Bu âyet-i kerime’nin nüzul sebebi hakkında şunlar zikredilmektedir:

a- Yahudiler "Dinler, birbirlerinin getirdiği hükümleri neshetmez" iddiası ile Hazret-i Muhammed (sallallahü aleyhi ve sellem)'in getirdiği İslam dinini kabul etmiyorlardı. Çünkü İslam dini, Yahudiliğe ve Hristiyanlığa ait bir takım hükümleri neshediyordu.

Bu âyet-i Celile onlara cevap vererek, kendilerinde de nesih hadisesinin bulunduğunu beyan etmektedir. Çünkü daha önce bütün İsrailoğullarına helal olan yemeklerin bir kısmını, Hazret-i Yakbun, kendisine haram kıldığım ve ondan sonra gelenlerin de ona uyduklarını beyan etmektedir.

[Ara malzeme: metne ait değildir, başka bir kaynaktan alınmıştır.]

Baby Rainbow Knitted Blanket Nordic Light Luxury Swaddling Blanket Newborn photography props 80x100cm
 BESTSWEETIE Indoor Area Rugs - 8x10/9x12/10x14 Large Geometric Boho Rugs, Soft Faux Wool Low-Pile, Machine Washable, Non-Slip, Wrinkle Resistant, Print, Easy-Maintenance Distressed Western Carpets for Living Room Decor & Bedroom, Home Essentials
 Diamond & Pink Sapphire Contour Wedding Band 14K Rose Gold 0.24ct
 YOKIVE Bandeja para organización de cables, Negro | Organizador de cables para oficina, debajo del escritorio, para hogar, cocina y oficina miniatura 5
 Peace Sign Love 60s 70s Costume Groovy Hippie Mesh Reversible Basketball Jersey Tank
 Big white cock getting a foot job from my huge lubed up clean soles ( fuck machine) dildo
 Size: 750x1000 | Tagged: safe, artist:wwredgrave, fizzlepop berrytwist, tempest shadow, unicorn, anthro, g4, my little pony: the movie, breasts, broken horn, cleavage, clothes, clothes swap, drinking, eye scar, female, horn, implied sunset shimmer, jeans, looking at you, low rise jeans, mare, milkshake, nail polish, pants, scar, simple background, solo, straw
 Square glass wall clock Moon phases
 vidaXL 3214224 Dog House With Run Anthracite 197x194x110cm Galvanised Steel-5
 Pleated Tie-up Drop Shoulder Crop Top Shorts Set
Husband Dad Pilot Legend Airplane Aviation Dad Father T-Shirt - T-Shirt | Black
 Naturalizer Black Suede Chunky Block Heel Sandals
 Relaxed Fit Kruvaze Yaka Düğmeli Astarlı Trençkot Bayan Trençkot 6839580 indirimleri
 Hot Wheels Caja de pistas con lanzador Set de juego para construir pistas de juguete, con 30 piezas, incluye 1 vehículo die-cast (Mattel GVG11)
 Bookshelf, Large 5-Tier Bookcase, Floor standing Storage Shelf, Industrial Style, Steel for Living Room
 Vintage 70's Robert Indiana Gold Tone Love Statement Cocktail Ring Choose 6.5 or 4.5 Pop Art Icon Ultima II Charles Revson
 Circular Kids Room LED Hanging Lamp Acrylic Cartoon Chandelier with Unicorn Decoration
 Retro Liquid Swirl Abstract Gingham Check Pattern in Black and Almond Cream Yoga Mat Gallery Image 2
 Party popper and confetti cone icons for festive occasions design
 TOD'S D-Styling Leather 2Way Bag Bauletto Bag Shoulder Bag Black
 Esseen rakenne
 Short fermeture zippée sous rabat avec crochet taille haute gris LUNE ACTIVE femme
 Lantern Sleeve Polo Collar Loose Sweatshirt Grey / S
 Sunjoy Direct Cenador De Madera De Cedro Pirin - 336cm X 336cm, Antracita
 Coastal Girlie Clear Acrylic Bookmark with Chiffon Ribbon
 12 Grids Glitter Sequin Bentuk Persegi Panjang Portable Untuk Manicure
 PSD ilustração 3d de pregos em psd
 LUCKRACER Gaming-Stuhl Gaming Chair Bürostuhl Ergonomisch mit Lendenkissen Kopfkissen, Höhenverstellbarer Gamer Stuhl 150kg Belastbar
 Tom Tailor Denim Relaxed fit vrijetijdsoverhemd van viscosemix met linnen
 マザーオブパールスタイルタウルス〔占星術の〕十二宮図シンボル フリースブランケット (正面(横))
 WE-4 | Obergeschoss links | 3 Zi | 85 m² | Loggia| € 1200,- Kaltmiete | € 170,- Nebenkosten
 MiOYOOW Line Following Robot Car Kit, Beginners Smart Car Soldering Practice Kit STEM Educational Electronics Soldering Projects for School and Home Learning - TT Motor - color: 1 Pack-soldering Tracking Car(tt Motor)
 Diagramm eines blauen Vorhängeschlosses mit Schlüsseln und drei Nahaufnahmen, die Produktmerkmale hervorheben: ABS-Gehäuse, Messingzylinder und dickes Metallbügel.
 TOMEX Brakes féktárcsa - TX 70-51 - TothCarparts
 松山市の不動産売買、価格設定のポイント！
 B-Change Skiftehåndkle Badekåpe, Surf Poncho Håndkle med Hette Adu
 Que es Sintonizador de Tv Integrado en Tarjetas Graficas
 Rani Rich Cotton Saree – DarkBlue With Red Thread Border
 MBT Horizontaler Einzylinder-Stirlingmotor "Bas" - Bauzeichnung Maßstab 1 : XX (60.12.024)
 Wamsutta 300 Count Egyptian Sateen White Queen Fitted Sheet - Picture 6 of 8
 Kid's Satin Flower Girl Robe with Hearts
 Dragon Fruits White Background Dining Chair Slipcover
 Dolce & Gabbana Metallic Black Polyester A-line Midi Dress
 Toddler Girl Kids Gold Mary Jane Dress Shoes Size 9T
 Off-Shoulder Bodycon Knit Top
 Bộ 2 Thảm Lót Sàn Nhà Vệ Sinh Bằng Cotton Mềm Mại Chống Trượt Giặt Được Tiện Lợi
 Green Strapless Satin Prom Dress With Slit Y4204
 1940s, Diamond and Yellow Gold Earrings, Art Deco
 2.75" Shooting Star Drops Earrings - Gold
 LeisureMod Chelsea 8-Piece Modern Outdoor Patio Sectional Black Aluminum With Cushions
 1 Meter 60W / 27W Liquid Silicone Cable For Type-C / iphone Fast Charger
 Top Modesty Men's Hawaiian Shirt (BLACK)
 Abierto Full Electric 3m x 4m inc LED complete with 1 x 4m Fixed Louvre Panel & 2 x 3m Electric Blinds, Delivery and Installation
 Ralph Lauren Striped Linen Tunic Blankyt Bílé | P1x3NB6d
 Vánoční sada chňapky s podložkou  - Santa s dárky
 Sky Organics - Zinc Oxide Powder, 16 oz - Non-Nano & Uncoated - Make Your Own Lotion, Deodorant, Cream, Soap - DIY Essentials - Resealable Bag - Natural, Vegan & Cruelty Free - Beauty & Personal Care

b- Yahudiler: "İlahi dinlerin hükümlerinin birbirine uygun olması gerektiği iddiasıyla da İslamı kabul etmiyorlardı. Bunlar, Hazret-i Muhammed (sallallahü aleyhi ve sellem) e "Sen, İbrahimin dininde olduğunu iddia ediyorsun. Nasıl oluyor da İbrahimin yemediği deve etini yiyor ve içmediği deve sütünü içiyorsun?" diyorlardı. Bu âyet-i kerime nazil oldu ve onlara deve eti ve sütünün, İbrahime, İsmaile, İshaka ve Yakuba helal olduğunu, fakat Yakubun belli bir sebepten dolayı bu eti kendisine haram kıldığını, böylece bu âdetin, torunlarında da devam ettiğini beyan etti ve Yahudilere "Aksini iddia ediyorsanız Tevratı getirip okuyun." dedi.

c- "Yahudilerin, zulmetmetleri ve bir çok kimseleri Allah yolundan alıkoymaları, yasakladıkları halde faiz almaları ve insanların mallarını haksız yere yemeleri sebebiyle, daha önce kendilerine helal kılınan temiz şelyeleri onlara haram kıldık. Nisa sûresi, 4 / 160, 161 âyeti ve benzerleri nazil olunca Yahudiler bunlara kızmışlar ve kendilerine haram kılınan şeylerin, eskidenn beri haram olan şeyler olduğunu ve ilk defa kendilerine haram kılınmadığım iddia etmişlerdir. İşte bunun üzerine bu âyet-i kerime nazil olmuş ve iddialarında yalancı olduklarını ortaya koymuş ve kendi kitapları olan Tevrata başvurularak gerçeğin ortaya çıkarılacağını beyan etmiştir.